In order to ensure long-term economic self-reliance, PKL will assist the street girls’ adult family members through the provision of in-kind business loans and enrolment in one- to two-year skills training courses. Upon graduation, PKL will assist them to secure attachments, employment or provide them with loans to purchase equipment and supplies (eg. sewing machines, hair & beauty equipment) to start their own businesses. Each year, PKL will offer a full-time, residential, ten-month hairdressing and beauty and life skills training course at its rehabilitation centre for 25 teenage, single mothers from the slums of Nairobi . These individuals are unable to attend conventional skills training courses since they cannot be accompanied by their babies and do not have relatives who can baby sit the child. Upon graduation, the trainees will be assisted in securing employment or provided with business loans to establish their own hair and beauty salons.
Despite the poor educational background of these individuals, PKL must explore the possibility of having its skills trainees sit an official external exam, either organized by the government or an independent examination board such as City & Guilds. PKL will assist families wishing to relocate from the slums to the rural areas, by providing housing loans (and grants on a case-by-case basis) and negotiating with relatives to provide land. PKL will also assist family members access free birth control methods in order to assist them better manage the size of their families and will provide continuous counselling during home visits on key topics such as family planning, breast feeding, nutrition, child rights, HIV/AIDS and drug abuse. PKL will, through its HIV/AIDS outreach project (see Section 8.5 below), support its beneficiaries living with HIV/AIDS through the provision of monthly food supplements, emergency household supplies, training in home-based care and referral to other organizations providing medical care and professional counseling.
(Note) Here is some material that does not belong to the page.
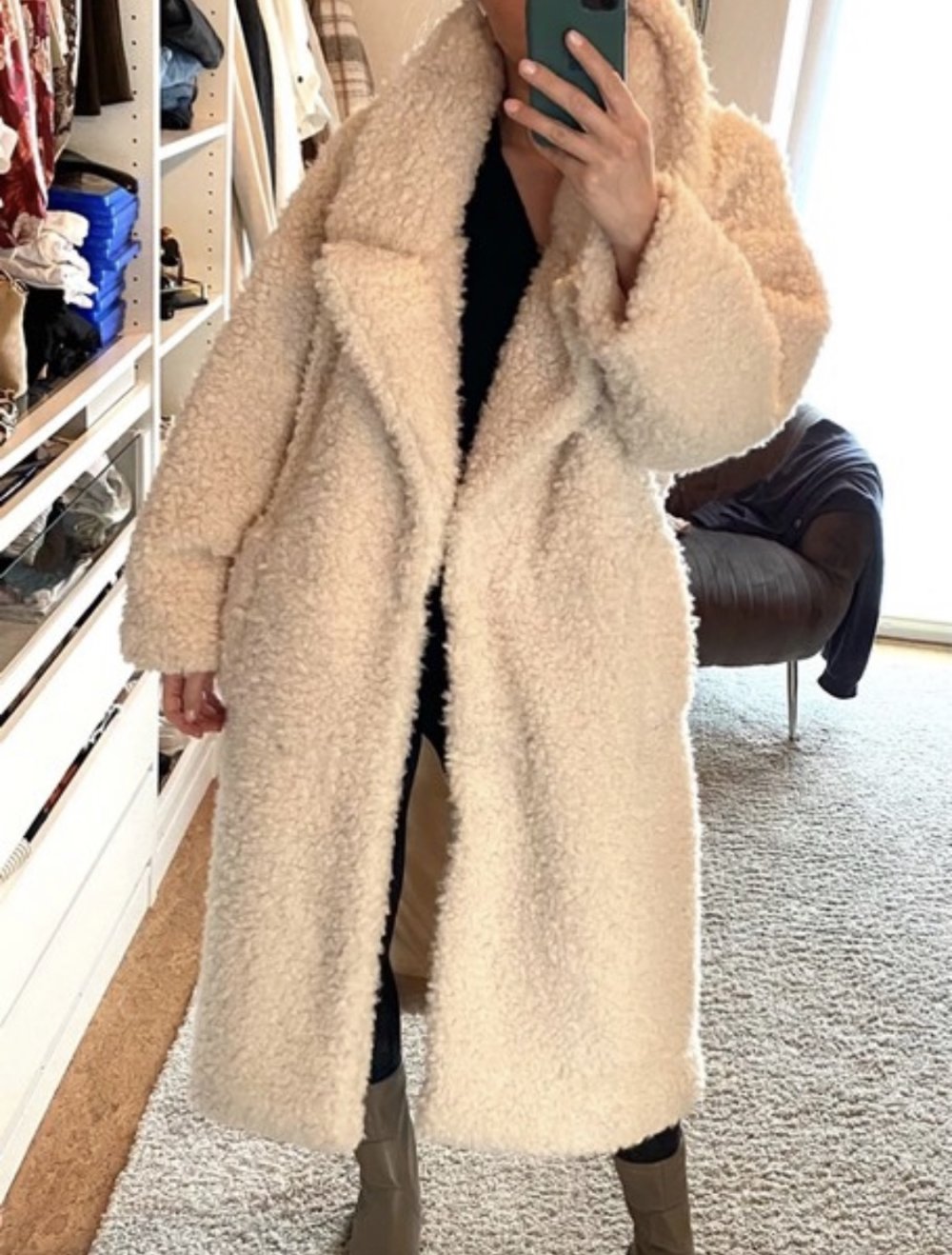 Damen Mantel Winterjacke Fell beige 36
Given the limited progress of the majority of PKL’s beneficiaries towards achieving sustainable economic self-reliance and the subsequent inability of PKL to disengage them from the programme, there is an urgent need to reassess the income levels within our beneficiary families (in relationship to the urban poverty line according to the government definition of a monthly income of 2,648 Kshs in Nairobi), as well as to conduct a comprehensive analysis of the impact of PKL’s business credit and skills training projects.
In recognition of the fact that over 70% of Kenya’s poor live in the rural areas and the fact that the critical lack of income-generating opportunities in these areas is one of the root causes of rural-urban migration (and by extension urban poverty, of which the existence of street children is simply one manifestation), PKL plans to support a number of small-scale, community initiatives within economically deprived rural locations, which focus on the prevention of rural-urban migration through the promotion of sustainable livelihoods.